Hugo Salinas


Les émeutes qui ont éclaté peu après le dixième anniversaire de la fuite du dictateur Ben Ali rappellent malgré les espoirs portés par la Révolution de Jasmin que la Tunisie est aujourd’hui dans une impasse économique et sociale. La situation est d’autant plus sensible que la crise sanitaire et le premier confinement du printemps 2020 ont aggravé la pauvreté et fragilisé un équilibre social déjà précaire. Si la gestion de la seconde vague du Covid-19 ne s’accompagne pas d’un ensemble de réformes économiques en faveur de l’emploi et contre la pauvreté, la troisième vague sera sociale en Tunisie.
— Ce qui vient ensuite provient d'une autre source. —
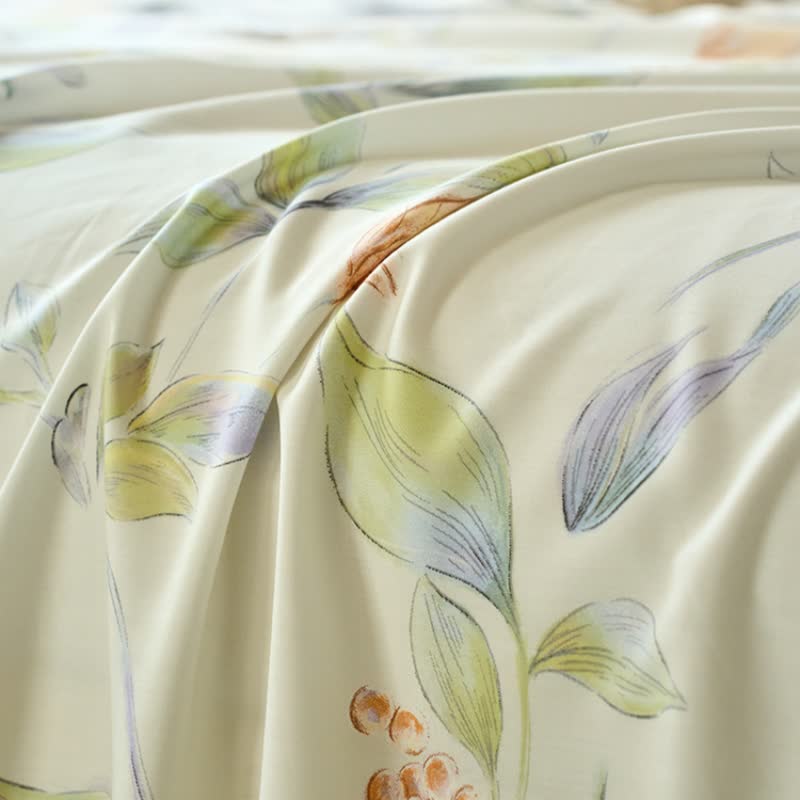 Muted Floral Silky Soft Summer Coverlet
Le 17 décembre 2010, dans la localité de Sidi Bouzid, chef-lieu d’une région agricole, pauvre et au taux de chômage élevé du centre de la Tunisie, Mohammed Bouazizi, jeune vendeur ambulant à qui les autorités avaient saisi sa marchandise, s’immole par le feu devant le siège du gouvernorat. Dans la région, le drame indigne, et Sidi Bouzid devient le centre d’un soulèvement populaire.
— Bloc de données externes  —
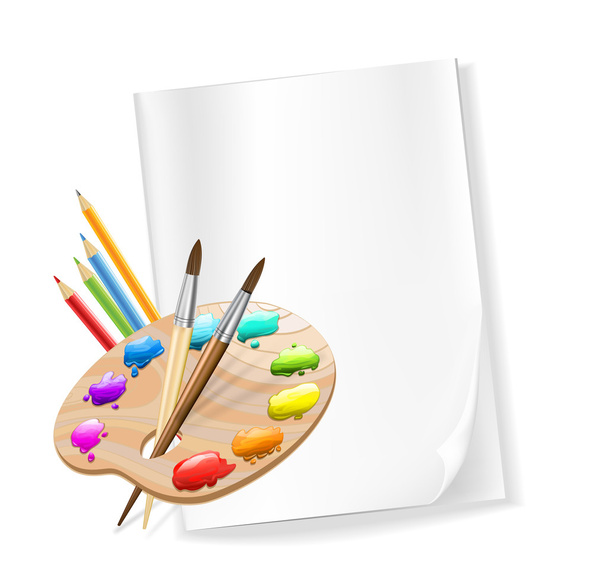 blank paper, color pencils, palette, brushes. vector - Διάνυσμα, εικόνα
Surfant sur la colère d’une Tunisie à bout de souffle, Kaïs Saïed a incarné l’espoir populiste dans un contexte politique instable. Élu à l’automne 2019 à la plus haute fonction de l’État, ses promesses se heurtent à la réalité de la double crise économique et sanitaire. La rhétorique souverainiste du nouveau président peine à se concrétiser alors que le paysage politique, perméable aux événements géopolitiques étrangers, retrouve ses antagonismes d’antan.